Günümüzde pulse oksimetreler,
akıllı telefonlara ve giyilebilir sağlık cihazlarına entegre edilerek daha
erişilebilir hale gelmiştir. COVID-19 pandemisi sırasında, solunum
hastalıklarının takibinde kritik bir rol oynayarak küresel sağlık alanında
önemini bir kez daha kanıtlamıştır.
Kullanım Alanları
Pulse oksimetre, kandaki
oksijen doygunluğunu ve nabız hızını ölçmek için kullanılır.
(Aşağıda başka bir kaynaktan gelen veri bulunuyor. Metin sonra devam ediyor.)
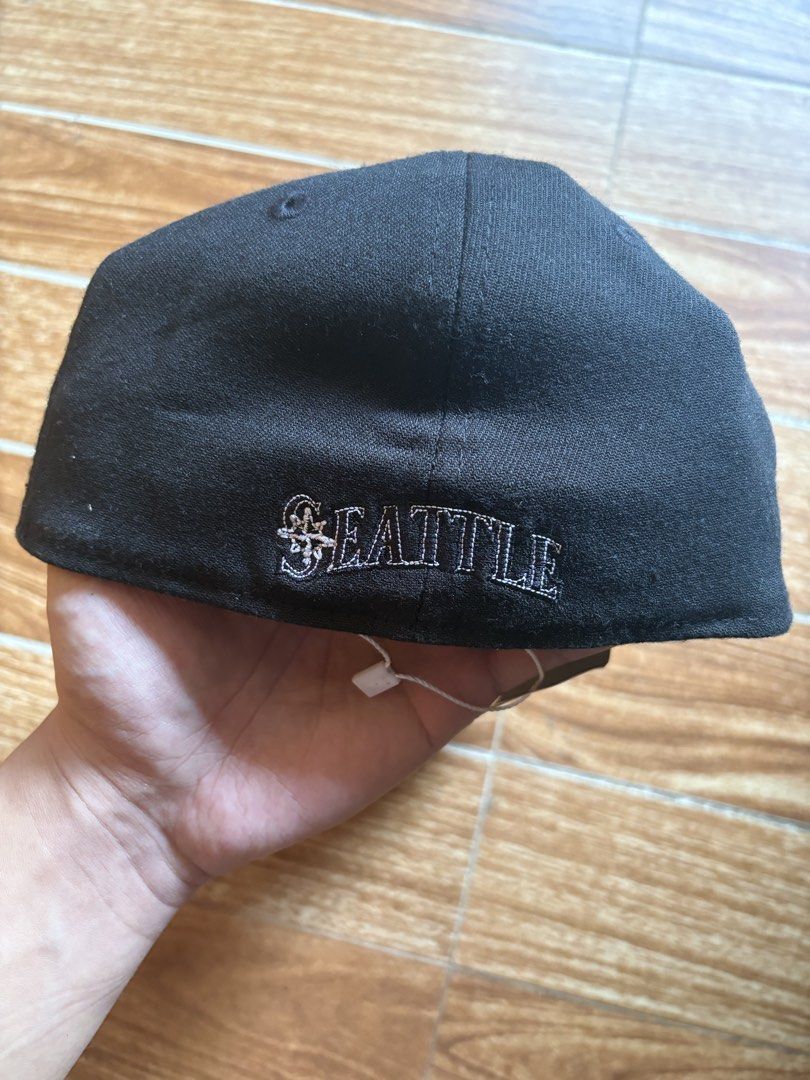 New Era Seattle Mariners Baseball Cap (Category: Caps & Hats) located in Manila. Submitted by selectors_club26 (Listing ID 1459729990, Image 3). Description: - Authentic Seattle Mariners cap - Features iconic team logo on the front - 'Seattle' embroidered on the back - New Era branding on the side - Size: Small-Medium (S-M) - Ideal for any Mariners fan - Color rate: 9/10.
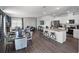 Open floorplan with sightlines from kitchen to dining to living spaces, fostering connection at 2688 Gouda Dr, Apopka, FL 32703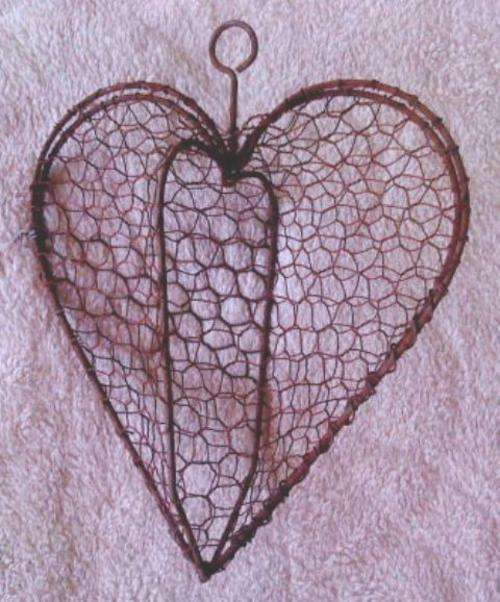 Rustic wire mesh hearts that open up and can be filled with anything you love!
Başlıca kullanım
alanları şunlardır:
·
Yoğun bakım ve
ameliyat takipleri: Anestezi
altındaki hastaların oksijen seviyelerinin sürekli izlenmesi için kullanılır.
·
Solunum
hastalıkları takibi: KOAH, astım,
zatürre ve COVID-19 gibi hastalıkların yönetiminde önemli bir rol oynar.
·
Spor ve yüksek
irtifa aktiviteleri: Dağcılık,
dalış ve dayanıklılık sporlarıyla uğraşan kişiler için oksijen seviyesini izlemeye
yardımcı olur.
·
Evde hasta
bakımı: Kronik hastalığı olan
bireylerin oksijen seviyelerini düzenli olarak kontrol edebilmeleri için
kullanılır.
·
Acil tıbbi
durumlar: Şok, kalp yetmezliği veya
solunum yetmezliği gibi durumlarda oksijen seviyesini hızlıca değerlendirmek
için kullanılır.
Modern Pulse Oksimetre Türleri
Teknolojinin ilerlemesiyle
birlikte farklı türlerde pulse oksimetreler geliştirilmiştir:
·
Parmak tipi
pulse oksimetre: Küçük,
taşınabilir ve bireysel kullanım için uygundur.
·
Masaüstü pulse
oksimetre: Hastane
ortamında uzun süreli takip için kullanılır.
·
El tipi pulse
oksimetre: Daha gelişmiş
özelliklere sahip olup, taşınabilir olmasına rağmen hastane ve kliniklerde
yaygın olarak kullanılır.
·
Giyilebilir
pulse oksimetre: Akıllı
saatler veya spor bileklikleri ile entegre edilebilen modellerdir.
·
Sensörlü pulse
oksimetre: Yeni doğan
bebekler gibi hassas gruplar için özel tasarlanmış, vücuda sabitlenen
modellerdir.
Sonuç
Pulse oksimetre, modern tıbbın
en önemli teşhis araçlarından biri olup, kandaki oksijen seviyesini hızlı ve
non-invaziv bir şekilde ölçmeye olanak tanır. 1970’li yıllarda Takuo Aoyagi
tarafından geliştirilen teknoloji, zamanla gelişerek taşınabilir ve giyilebilir
hale gelmiştir. Günümüzde hem tıbbi alanlarda hem de bireysel sağlık takibinde
yaygın olarak kullanılan pulse oksimetreler, solunum hastalıklarının
yönetiminde kritik bir rol oynamaktadır.